═════ The input ═════

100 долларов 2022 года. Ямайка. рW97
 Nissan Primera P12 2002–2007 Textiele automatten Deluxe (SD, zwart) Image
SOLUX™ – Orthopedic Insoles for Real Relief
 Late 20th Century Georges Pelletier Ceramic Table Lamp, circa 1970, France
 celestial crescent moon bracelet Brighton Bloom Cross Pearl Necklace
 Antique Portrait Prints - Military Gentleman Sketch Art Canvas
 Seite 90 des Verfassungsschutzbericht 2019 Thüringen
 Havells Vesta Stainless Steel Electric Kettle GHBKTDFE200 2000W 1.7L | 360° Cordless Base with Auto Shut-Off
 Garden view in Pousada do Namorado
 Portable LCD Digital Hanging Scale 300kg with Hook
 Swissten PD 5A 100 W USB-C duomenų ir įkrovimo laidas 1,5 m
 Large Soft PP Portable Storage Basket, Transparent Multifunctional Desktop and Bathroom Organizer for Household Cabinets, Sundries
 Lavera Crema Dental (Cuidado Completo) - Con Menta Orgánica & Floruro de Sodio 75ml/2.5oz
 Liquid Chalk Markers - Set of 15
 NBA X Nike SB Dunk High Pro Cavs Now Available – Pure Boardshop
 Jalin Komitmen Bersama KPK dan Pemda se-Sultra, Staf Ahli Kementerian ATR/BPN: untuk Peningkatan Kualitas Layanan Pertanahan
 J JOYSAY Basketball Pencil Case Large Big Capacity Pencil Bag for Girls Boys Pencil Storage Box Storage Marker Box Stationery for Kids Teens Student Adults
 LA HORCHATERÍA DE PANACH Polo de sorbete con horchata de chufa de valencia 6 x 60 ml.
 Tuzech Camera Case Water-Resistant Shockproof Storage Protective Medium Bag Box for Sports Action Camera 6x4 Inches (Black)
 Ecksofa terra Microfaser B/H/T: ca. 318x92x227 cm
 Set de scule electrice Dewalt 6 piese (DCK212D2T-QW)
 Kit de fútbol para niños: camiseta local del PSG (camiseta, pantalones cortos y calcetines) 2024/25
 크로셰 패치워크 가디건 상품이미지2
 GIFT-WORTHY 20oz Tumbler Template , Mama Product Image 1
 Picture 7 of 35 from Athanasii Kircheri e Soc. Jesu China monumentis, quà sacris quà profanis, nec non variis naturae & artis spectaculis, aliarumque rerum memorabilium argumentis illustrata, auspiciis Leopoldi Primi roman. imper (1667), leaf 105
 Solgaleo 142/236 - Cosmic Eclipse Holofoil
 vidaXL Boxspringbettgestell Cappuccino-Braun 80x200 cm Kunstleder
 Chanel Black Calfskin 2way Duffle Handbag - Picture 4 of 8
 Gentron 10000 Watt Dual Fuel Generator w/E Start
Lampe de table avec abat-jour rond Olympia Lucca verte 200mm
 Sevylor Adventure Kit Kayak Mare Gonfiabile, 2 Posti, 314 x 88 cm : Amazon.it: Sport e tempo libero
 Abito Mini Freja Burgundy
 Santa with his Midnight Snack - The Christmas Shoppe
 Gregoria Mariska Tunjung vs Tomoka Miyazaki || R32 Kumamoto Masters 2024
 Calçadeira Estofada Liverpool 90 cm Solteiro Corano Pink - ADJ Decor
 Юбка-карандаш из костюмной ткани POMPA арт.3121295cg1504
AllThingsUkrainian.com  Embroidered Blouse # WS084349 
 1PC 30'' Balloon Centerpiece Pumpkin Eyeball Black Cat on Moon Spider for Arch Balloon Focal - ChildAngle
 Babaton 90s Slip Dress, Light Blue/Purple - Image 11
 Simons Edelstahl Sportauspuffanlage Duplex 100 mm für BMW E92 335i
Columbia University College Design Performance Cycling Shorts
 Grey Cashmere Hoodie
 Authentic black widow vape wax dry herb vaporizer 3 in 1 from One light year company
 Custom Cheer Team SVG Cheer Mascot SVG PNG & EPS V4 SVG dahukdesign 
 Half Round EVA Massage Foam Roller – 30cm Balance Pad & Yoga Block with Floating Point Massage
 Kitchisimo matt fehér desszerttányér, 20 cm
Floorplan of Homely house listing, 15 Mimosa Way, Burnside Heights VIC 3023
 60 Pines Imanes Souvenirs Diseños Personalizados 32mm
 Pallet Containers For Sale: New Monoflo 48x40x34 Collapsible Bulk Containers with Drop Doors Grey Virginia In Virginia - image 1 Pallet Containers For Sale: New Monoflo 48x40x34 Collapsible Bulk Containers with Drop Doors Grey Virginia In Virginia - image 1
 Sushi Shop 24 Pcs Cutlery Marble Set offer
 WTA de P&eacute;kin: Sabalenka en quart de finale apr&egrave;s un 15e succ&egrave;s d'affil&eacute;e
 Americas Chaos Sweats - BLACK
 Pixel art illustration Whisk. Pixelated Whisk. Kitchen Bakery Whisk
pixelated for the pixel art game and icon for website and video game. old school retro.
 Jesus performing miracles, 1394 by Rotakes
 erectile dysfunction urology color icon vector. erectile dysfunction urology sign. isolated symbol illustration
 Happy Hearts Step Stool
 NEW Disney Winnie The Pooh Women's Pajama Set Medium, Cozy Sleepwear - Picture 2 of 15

═════

— Task details —
Check each line of the data above for the word "illustration" and copy the ones where it is found.

— Reply to the exercise —
 Pixel art illustration Whisk. Pixelated Whisk. Kitchen Bakery Whisk
 erectile dysfunction urology color icon vector. erectile dysfunction urology sign. isolated symbol illustration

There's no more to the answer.